3rd Paragraph. The conclusions you draw regarding the impact on the Society are I think correct and there is no doubt that policyholders would have suffered. That is an inescapable fact of the flawed financial strategy adopted by the Society to which I have repeatedly referred.

Once this flawed policy was adopted, the Society had to fail as was pointed out in 1989. In some respects Equitable Life is the 1990’s version of the Northern Rock failure of this decade. A flawed financial strategy that could only work if the market continued on the same track for the indefinite future.

There is no doubt that the Society would have become uncompetitive and returns would have dropped, existing policyholders would have left and new policyholders would not have joined.

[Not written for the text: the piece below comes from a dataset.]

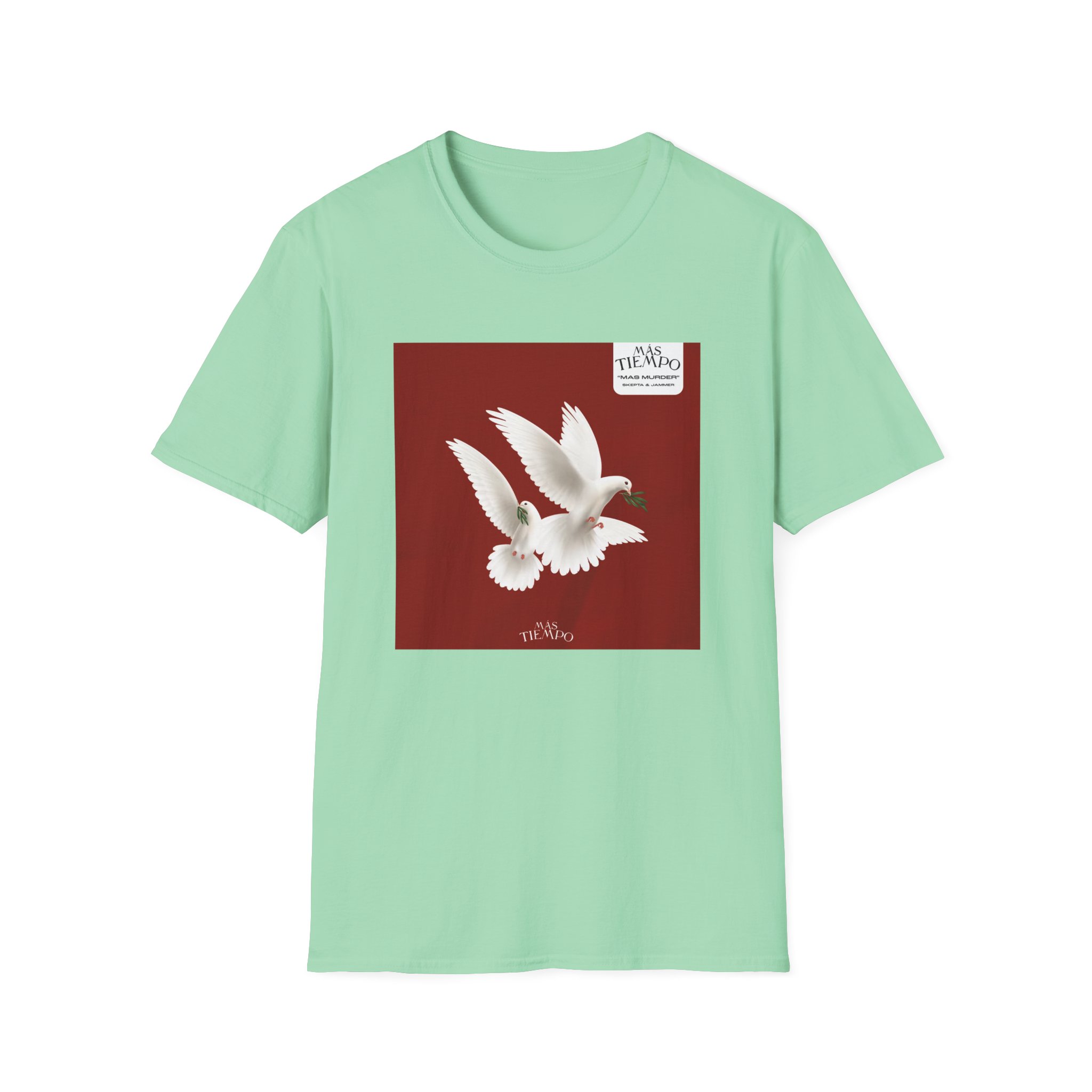 SK Joseph Olaitan Adenuga Jr Mas Tiempo Grime Hip Hop Unisex Softstyle T-Shirt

There are no simple solutions to any of the events with which we are now confronted but I think to adopt a position that it was better to continue on a policy that must inevitably lead to financial failure must also infer that you think that regulator was indeed complicit in the maladministration of the Society.

4th Paragraph. I accept the point you are making that the regulators have to take into consideration the needs of the policyholders as a group. I have never intended to infer that I thought otherwise and if I have given that impression then I apologise. But the policyholders as a group are the joint owners of a mutual. I cannot see any logic in the regulator adopting policies that met the need of future policyholder who may or may not decide to take policies with the Society. Surely it cannot be argued that the regulator has any other duty that to look at the Society at the present time and determine what cause of action to take.

5th Paragraph. I did not intend to imply that your view was that “events that, had they occurred, etc” reflected your opinion. That sentence was badly phrased and I apologise. That does not change the conclusion that I drew. As I have said above, negative news about the Society would have led to its collapse and as we have seen with Northern Rock, policyholders would have rushed to withdraw their money with the inevitable consequences that flow from that collective decision.

6th Paragraph. I note your decision, which is disappointing as it is a core belief amongst WPAs that they were not properly informed. I would like to discuss with you why you have reached this decision.

7th Paragraph. I accept that the Treasury should not be held responsible for “any losses which result from mismanagement or improvidence within the limits imposed by the regulatory system.” But as is clear from the documents that I referred to in my submission from Mr Daykin and the information contained in the PO’s report, the stated Government policy was to do exactly what it now says it was not required to undertake. I will bring copies of the relevant sections with me to our meeting.